Aktuelles im Juli 2012

Wenn Milcherzeuger in dicht besiedelten Regionen Kühe melken, ergeben sich viele Herausforderungen, aber auch zahlreiche Chancen! In Belgien informierten sich 290 Milchviehhalter aus Europa und der Welt auf dem 22. Kongress der European Dairy Farmers (27-29. Juni in Hasselt) über die Belgische Milchproduktion.

Herausforderungen der belgischen Milchproduktion

Jean-Francois Verdenal, Präsident der European Dairy Farmers und französischer Milchbauer, betonte in seiner Eröffnung: “Besonders in Zeiten, in denen viele Verbraucher kaum etwas über die tägliche Arbeit auf einem Milchviehbetrieb wissen, ist die Entmystifizierung der Landwirtschaft wichtig. Dazu haben vor allem Milcherzeuger die Chance, die in der Nähe von Verbrauchern leben und arbeiten.“ Er ermunterte die Teilnehmer mit den Verbrauchern in einen Dialog zu treten und so die Chance zu nutzen, moderne Milcherzeugung zu erklären. Piet Vanthemsche, Präsident des Boerenbond, wies auf weitere Vorteile einer dichten Besiedelung hin: Direktvermarktungsmöglichkeiten, kürzere Transportwege, Kooperationen im Bereich erneuerbarer Energien, et cetera.

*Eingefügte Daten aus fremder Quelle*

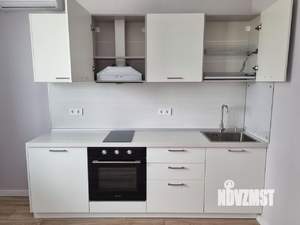 1-к квартира, на длительный срок, 33м2, 13/22 этаж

Die Perspektiven der belgischen Milcherzeugung erläuterten zahlreiche Redner auf dem Kongress: Insbesondere die strengen Auflagen zur Nitratausbringung und die nach wie vor strengen Quotenregelungen stellen Herausforderungen für die belgischen Milcherzeuger dar. Nichts desto trotz haben sie seit 2005 die Milchproduktion um 11% ausdehnen können und auch für die Zeit nach 2015 wird ein weiterer Anstieg der Produktion erwartet. Darauf reagiert auch die verarbeitende Industrie und weitet bereits jetzt die Kapazitäten aus. Dabei sollen künftig vor allem die Vermarktung von Produkten mit einer höheren Wertschöpfung (Käse und Babynahrung) ausgedehnt werden, um die Abhängigkeit vom Weltmarkt (Pulver und Butter) zu reduzieren.

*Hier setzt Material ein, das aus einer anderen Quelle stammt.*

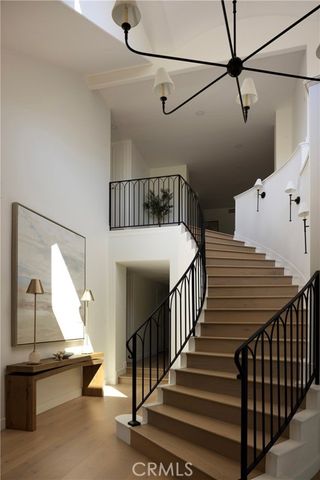 30932 Steeplechase Drive, San Juan Capistrano, CA 92675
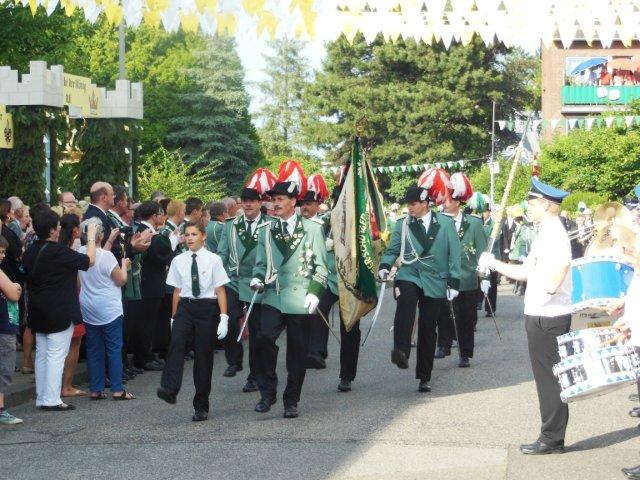 Kirmes Samstag 2013 071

Die belgische Landwirtschaft ist sehr heterogen. Während Landwirtschaft in Wallonien eher extensiv ist, hat Flandern einen hohen Anteil an der Tierproduktion, am Gartenbau und hat insgesamt sehr fruchtbares Land: 75% der landwirtschaftlichen Wertschöpfung stammen aus Flandern, obwohl die Region nur etwa 45% der Fläche einnimmt. Die beiden Gebiete haben zudem unterschiedliche gesetzliche Regelungen. So werden sowohl der Quotenhandel wie auch die Nitratausbringung teilweise unterschiedlich geregelt. Durchschnittsberechnungen zeigen, dass die strengen Nitratauflagen Milcherzeuger etwa 2 bis 8 ct pro kg Milch extra kosten, in Flandern müssen die Milcherzeuger zusätzlich noch Emmissionsrechte (850-1.000 €/Kuh inkl. Nachzucht) kaufen. Reine Gülle darf darüber hinaus nicht nach Wallonien transportiert werden, wo die Viehdichten geringer sind, da Wallonien als „extraterritorial“ betrachtet wird.

Nicht weit von Brüssel: Agrarpolitik im Fokus

Schwerpunkt der agrarpolitischen Vorträge waren unter anderem die aktuellen Diskussionen um die Zukunft der GAP-Reform. Hermanus Versteijlen, Direktor für Agrarmärkte der Europäischen Kommission, erläuterte den Teilnehmern: „Wir haben keine gute Erklärung für die Steuerzahler, warum es unterschiedliche Fördersummen pro Hektar gibt. Deshalb müssen wir die Zahlungen über die gesamte EU angleichen.“ Folkhard Isermeyer, Präsident des Thünen-Institutes aus Braunschweig, widersprach der Argumentationslinie der EU-Kommission: “Grüne Direktzahlungen, wie sie momentan von der Kommission vorgeschlagen werden, können nicht als „universelles Mittel“ für Agrarpolitik angesehen werden. Aber es ist zu spät, ein anderes Politikkonzept für die Periode 2014-2020 auszuhandeln.“ Für die Zeit nach 2020 sollten Politiker und Wissenschaftler jedoch eine fundamentale Reform der GAP vorbereiten. Wichtige Grundlage dafür sei, dass „die Reform mit der Definition von Politikzielen und der Entwicklung adäquater Politikinstrumente zur Erreichung dieser Ziele beginnt“, nicht umgekehrt.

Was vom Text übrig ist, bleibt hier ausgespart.